The story was passed on to my from a friend who knows I volunteer with a local group that seeks to raise awareness of human trafficking, as well as to become active in eliminating human trafficking in our county. From what I have read on this particular case, there is no evidence of human trafficking. It is possible though: a case where a woman is in the USA illegally, working in a massage parlor and selling herself, often includes someone higher up forcing her into the whole thing.
What struck me as I read this article was that the difference between prostitution and pornography is whether it is being filmed. This woman was arrested for accepting money in exchange for sex. Such an action, prostitution, is illegal. Yet pornography is women being paid to have sex…on film.
So I wonder (and I do not mean to sound flippant about the situation), if she just turned a camera on, could she claim she is not guilty of prostitution because she is making pornography?
It makes me wonder why pornography is unquestionably legal? Why is sex for money wrong, until a camera is filming it?

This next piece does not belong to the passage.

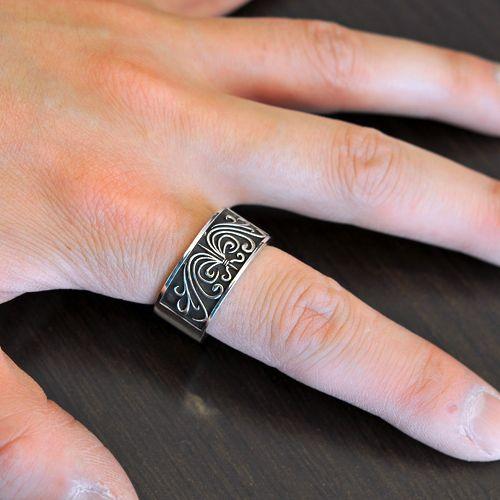 Ark silver accessories アークシルバーアクセサリーズ　アラベスクリリーリング |  | 03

I do not think the solution is simply to legalize prostitution. This is a debate that is beyond what I am writing here. But from what I have read, legalizing prostitution does not end the inherent abuse of women and other crimes that surround prostitution. In other words, an abusive pimp does not become a legitimate businessman because the law is changed. If you want to read more about this, I would suggest you go here, here and here.
The growth of pornography in our culture is frightening. It is damaging to those who consume it and it is damaging to those who make it. What would it take to change the conversation in such a way that we are able to question the legality of it?